Sonntag, Februar 23, 2014

Spring Breakers ou zombar da lógica quando ela está contra a humanidade





"Os homens são suaves, quando desejam alguma coisa dos mais fortes, e brutais, quando o solicitante é mais fraco do que eles. Eis aí, até agora, a chave para penetrar na essência da pessoa na sociedade.” (T. W. Adorno)




Pode parecer bizarra esta citação de Adorno num texto sobre Korine, já que o filme está mais pra um Sex Pistols zombando da nossa cara em estilo Lulu Santos –  um filme-poema punk-pop, com todas suas contradições. Apenas cito o filósofo alemão porque ele escreveu que o mundo só é único no tempo (Zeitgeist), e que a classificação é a condição do conhecimento (e não o próprio conhecimento) e o conhecimento, por sua vez, destrói a classificação. Mas pra que dialética agora? Vamos lá, classificar Spring Breakers, ou Harmonie Korine, o cool vendido – bem fácil, não? Assim já classificaram nossos intelectuais brasileiros (minto, só li um) mesmo sem ver o filme, só pelas cores (quentes demais ou algo assim) do trailler. De fato, nenhum problema em julgar pelo trailler. Não há como conhecer Spring Breakers e seus personagens, nem vendo o filme: eles são conceitos. Ou talvez não sejam. Talvez eu só queira aplicar algo que estou lendo no momento: como boa aluna da USP, Adorno, é claro. Mas acredite na sua intuição, porque ela lhe dirá: Spring Breakers é sobre isso. Sobre a Academia (garotas fugindo da facul) e sobre drogas (pra viver a vida loka no feriado), sobre dinheiro (que as faz não voltar mais), sobre ilusões (essas sim são perigosas – e não as garotas, como no subtítulo brasileiro). Ilusões perigosas porque fundadas em conceitos de tudo que está errado: estrelas da Disney e gente afim de ser gângster, mas resvalando na falsidade (num mundo que quer ser fofo demais e onde, portanto, isso não é possível).  

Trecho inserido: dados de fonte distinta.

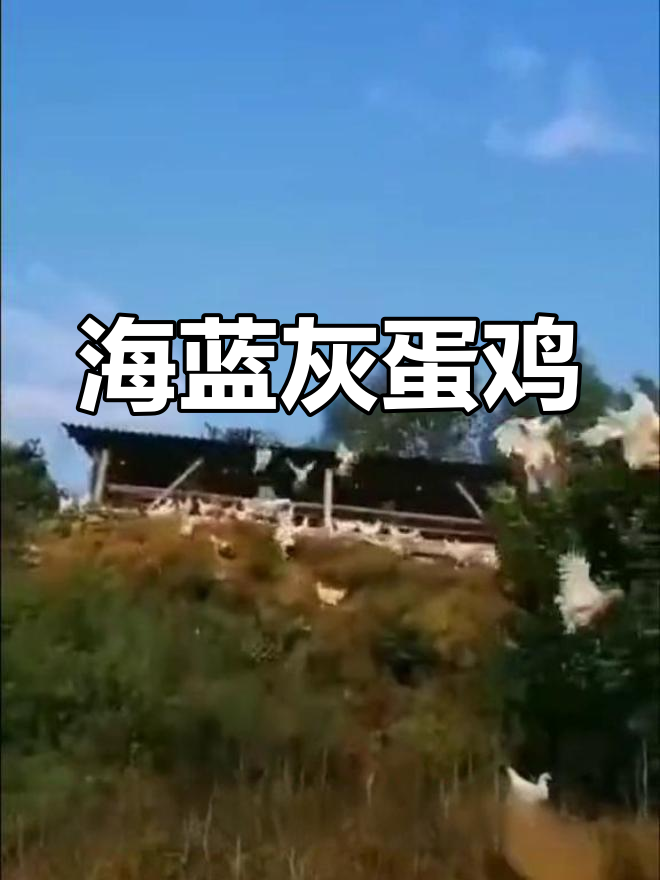 海南飞淡鸡:粉色蛋高产,专产海兰灰蛋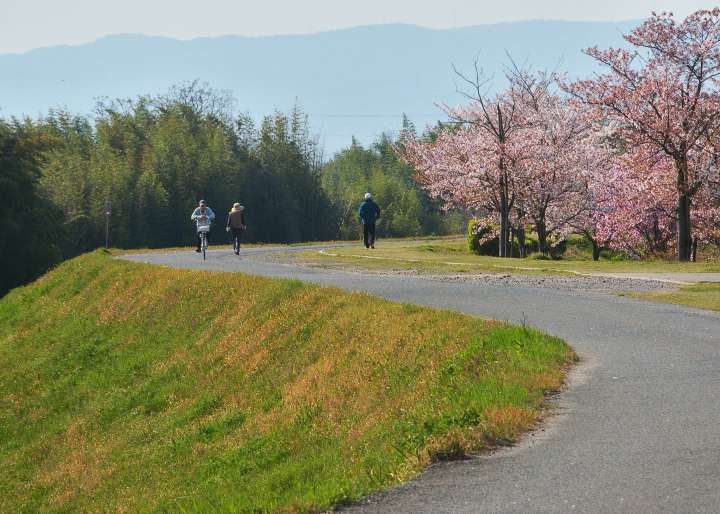 城陽桜巡り 風景写真 散歩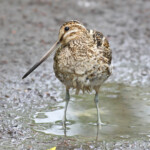Bécassine des marais, lac de Myvatn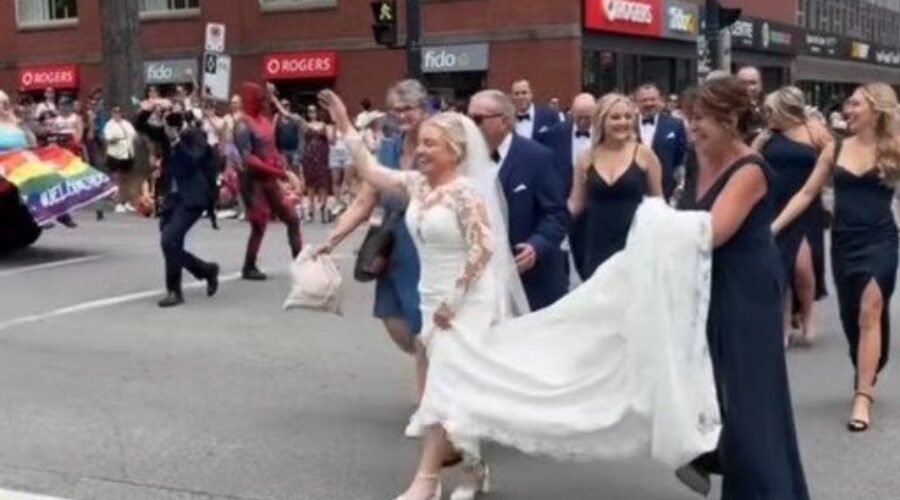 ‘Exhilarating’: Wedding party joins Halifax Pride Parade en route to venue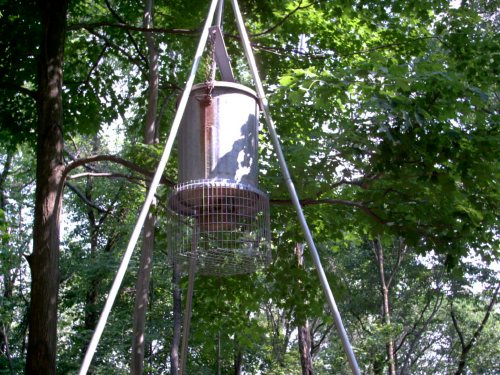 whitetail deer feeder
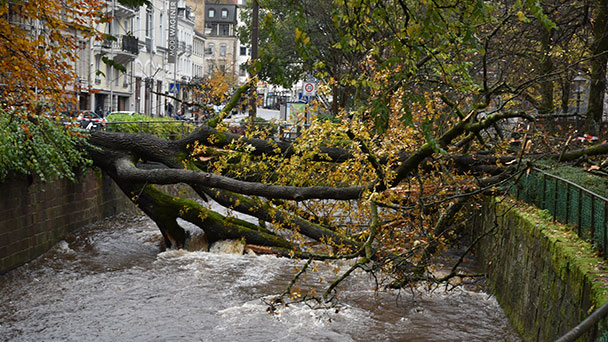 Gewaltiger Baum in Baden-Badener Innenstadt umgestürzt – Von der Luisenstraße über die Oos und dann mit dem Wipfel in die Kaiserallee – Gartenamtschef Brunsing: „Ein Baum fällt nicht nur wegen einem Grund“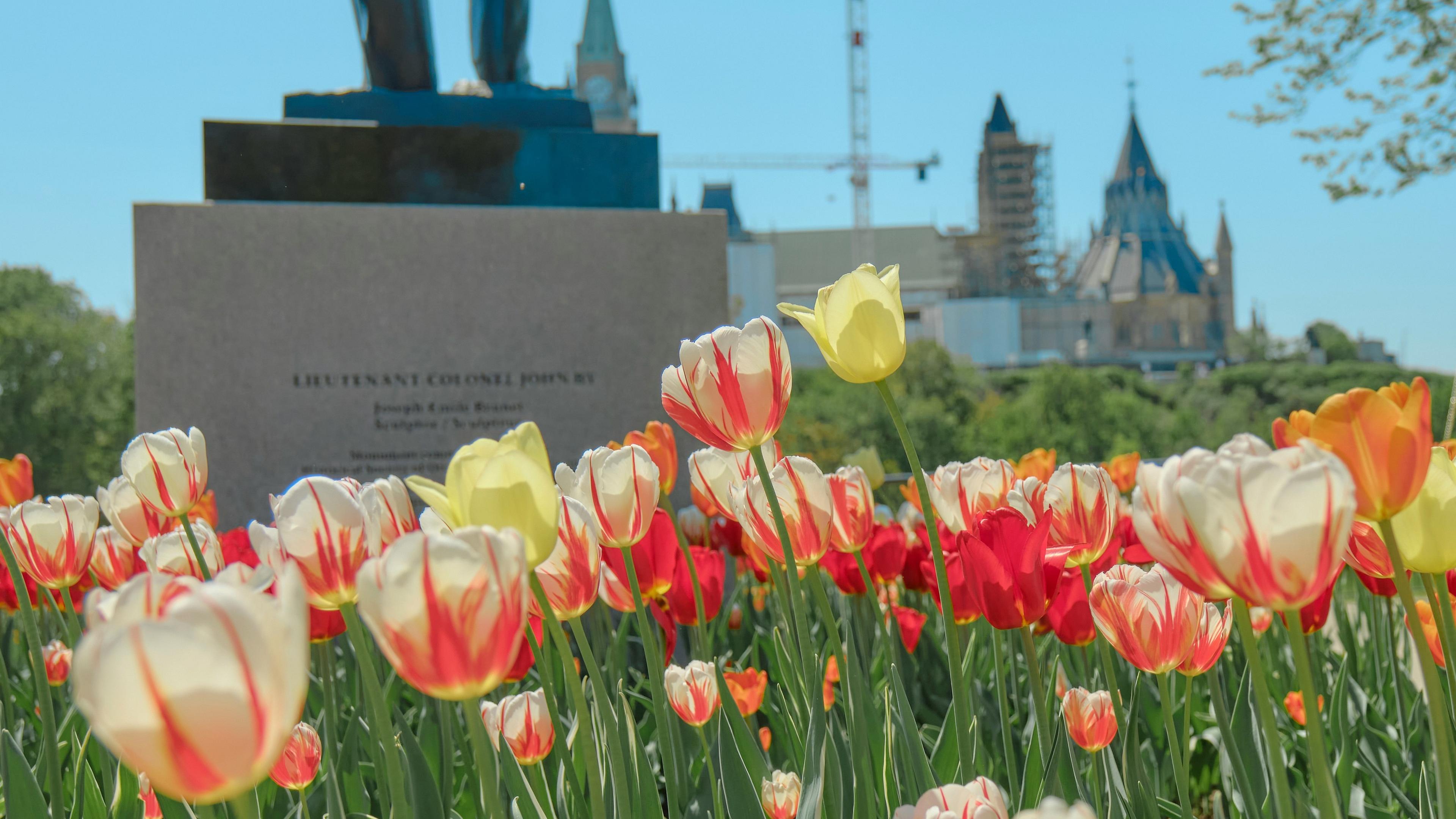 Colorful tulips bloom in front of a monument, with the Canadian Parliament buildings visible in the background.
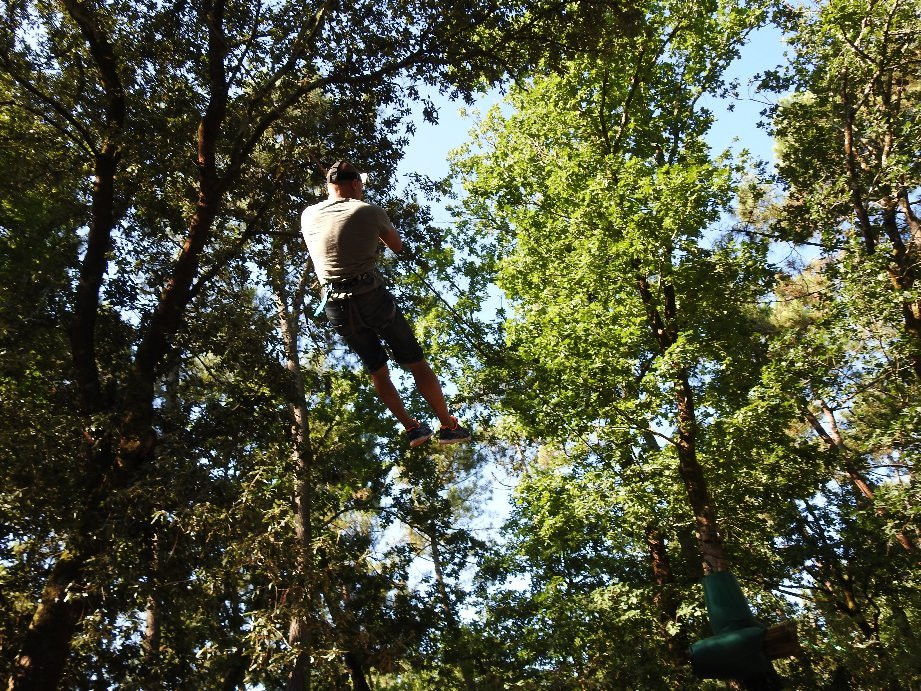 Indian Forest景点图片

Spring Breakers não tem a ver com “O Poderoso Chefão”, tem a ver com "As Pequenas Margaridas" numa versão “O.C”, de cores rosas, laranjas e azuis como em “Drive” – onde a ironia com a estética cool, da qual o filme também é acusado, já constava e pouca gente entendeu.  Korine tem uma paleta para “Spring Breakers” que de fato não combina com “Gummo” nem com “Trash Humpers”, mais sujos e opacos. Mas com seu último filme ele consegue chegar onde “Gummo” não conseguiu e nem poderia, porque ali as meninas ainda eriçavam os seios com esparadrapos – eriçar era mais importante que aparecer. Com “Spring Breakers”, Korine conseguiu chegar na abdicação da história por uma mise en scene dogmática e videoclipesca, que é a cara dos nossos anos.  Sei lá como chama essa década de 2010 a 2020, ninguém sabe, e “Spring Breakers” é sobre isso, sobre a época herdeira e perdida entre a consciência indecisa e revoltada dos anos 1960 e 1970 (Fassbinder), a fascinação tosca dos 1980  e a melancolia suicida e paranoica dos 1990 (Brian de Palma).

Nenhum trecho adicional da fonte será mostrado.